By asking these questions, Eudoxus wants to lead the men to search for a certainty offered by the mind, and not by the senses. A certainty offered purely by thought.
Polyander responds: “I fear that I should simply go woolgathering if I tried to consider such abstract matters, for I am a man who has never engaged in study or accustomed himself to turning his mind so far away from things that are perceivable by the senses.”
Again, we see Polyander’s lack of confidence. ‘I am a mere nobody, how could I ever arrive at the noble truths of philosophy?’ It is this lack of confidence that Eudoxus will try to eradicate. You are a man gifted with thought, and thus, by nature, you are capable of knowing those truths most worth knowing. Will it be easy? No. Will Polyander need guidance? Yes. But by nature, he is capable of arriving at the truth. The question is if he is up to the task of realizing his nature.
Epistemon adds: “I agree that it is very dangerous to proceed too far in this line of thinking. Such general doubts would lead us straight into the ignorance of Socrates or the uncertainty of the Pyrrhonists. These are deep waters, where I think we may lose our footing.”
Eudoxus proposes to doubt everything, and search for a truly secure footing. But the men are hesitant to follow him, they are hesitant to doubt. They are afraid. Who knows, maybe when we go searching for this indubitable truth, for this absolute ground of certainty, we will only find an abyss, and we won’t be able to return.

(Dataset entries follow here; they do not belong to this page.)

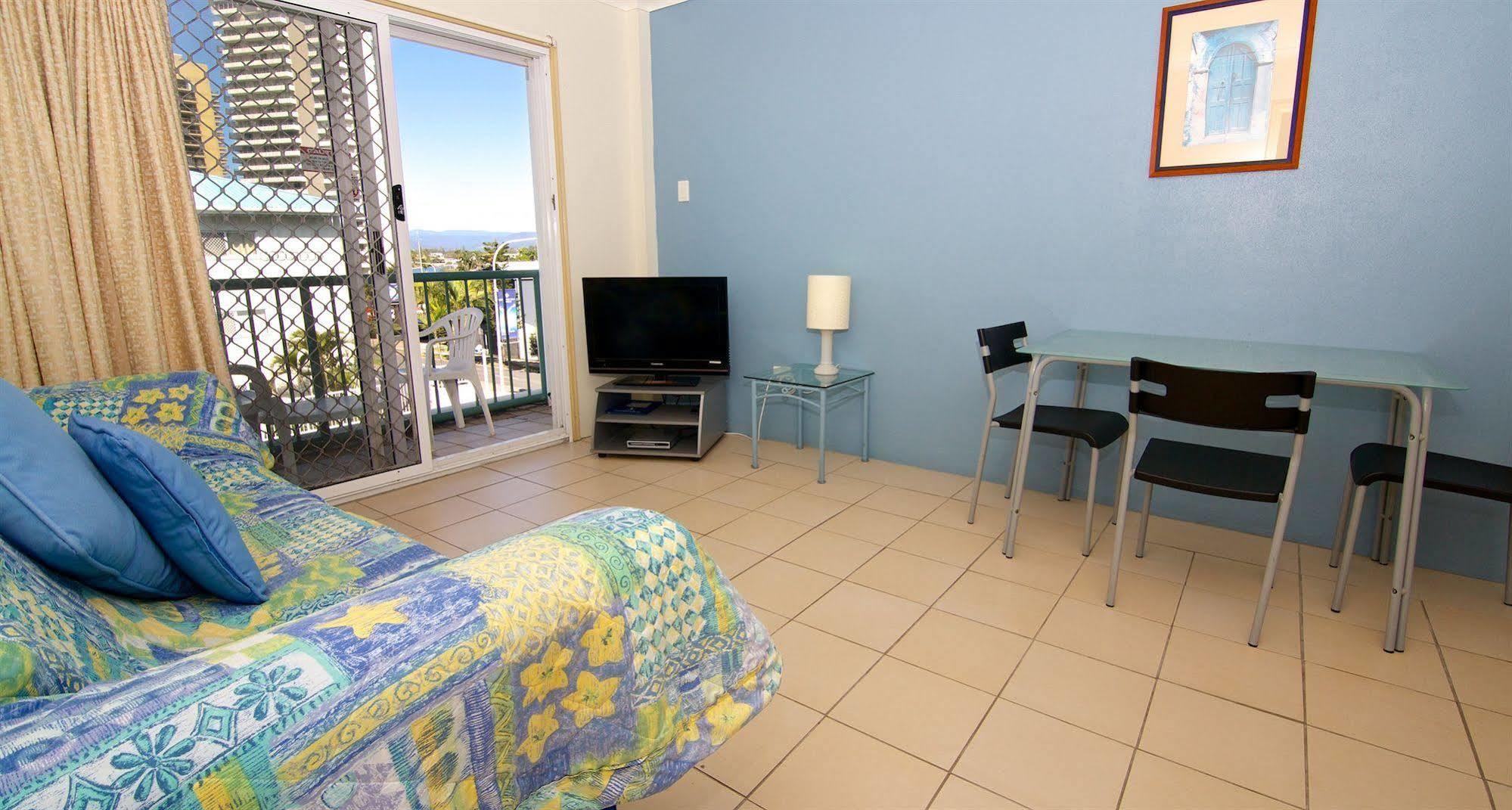 Apartment Raffles Royale *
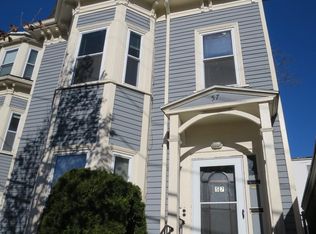 55 Summer St #2L, Somerville, MA 02143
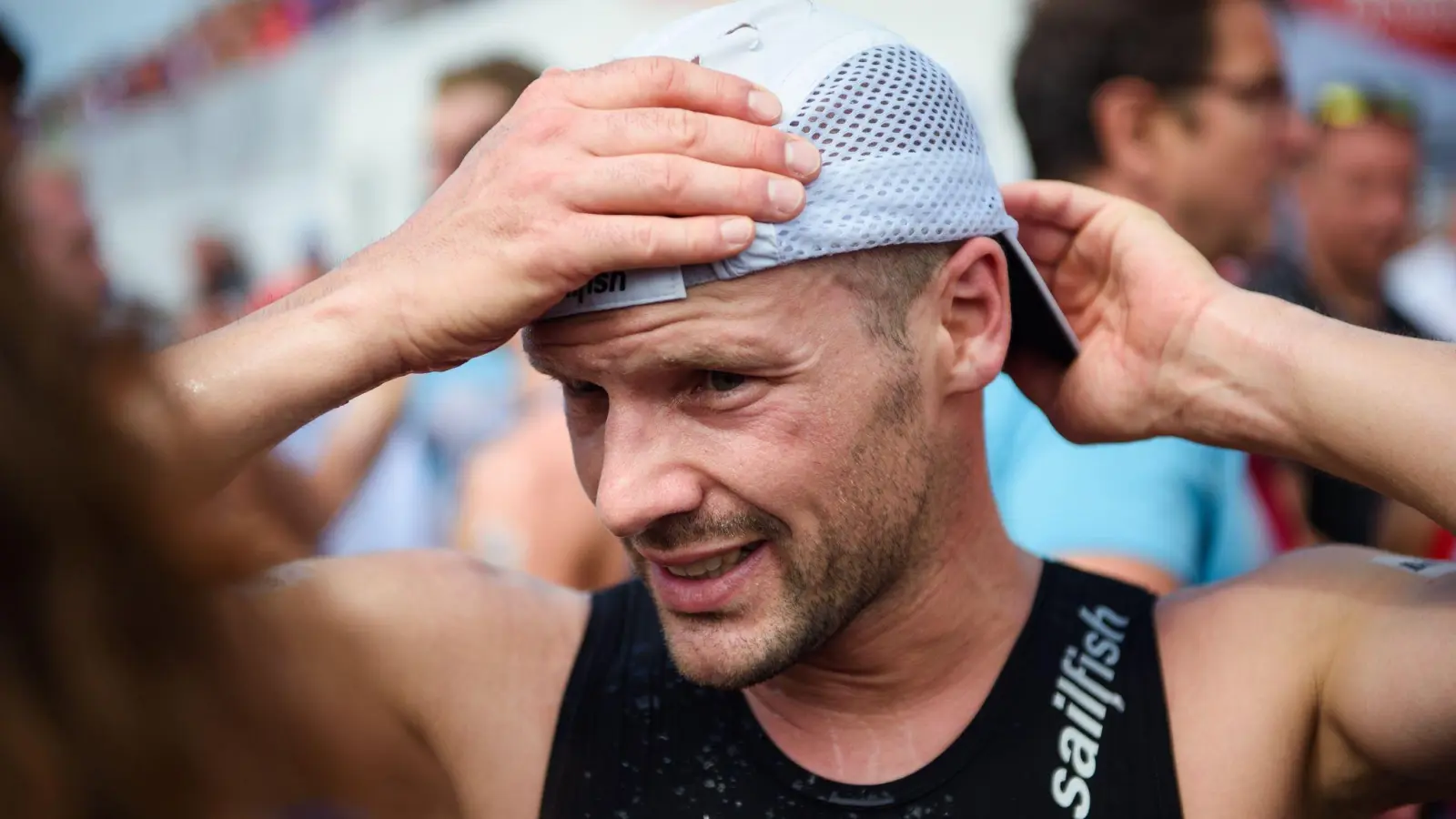 Triathlet Patrick Lange rückt seine Mütze zurecht. (Foto: Gregor Fischer/dpa/Archivbild)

Epistemon’s remark about Socrates is interesting. For indeed, there is something ‘Socratic’ to Descartes’ project. Doubting everything, the lack of certainty offered by the senses, highlighting our own ignorance, and so on. But in the end, Descartes will be very far from Socrates, and in fact quite anti-socratic. This famous saying attributed to Socrates, that he is wisest who recognizes that he knows nothing. Descartes is quite disgusted by such an attitude. Descartes seeks knowledge, and this ‘I know nothing’ attitude of philosophy as portrayed by Socrates, he hates it. To live is to act, and to act well, we need to know what we are doing. But if we know nothing? Well, we won’t be able to live. And in this way, the questioning characteristic of Socratic philosophy, it is quite anti-life for Descartes. This attitude ‘I am wisest because I know nothing’, it represents all the ways in which philosophy can go wrong, all the ways in which it can renounce its true purpose —to offer a secure ground from which we can act and live with certainty. For Descartes, man is connected to the truth by nature. Man has knowledge of certain things, things which can not be questioned. We will see what these things are. These things are absolutely certain, and there is nothing worse than these philosophers like Socrates, who approach people intending to destroy their natural confidence which has them know that they posses the truth.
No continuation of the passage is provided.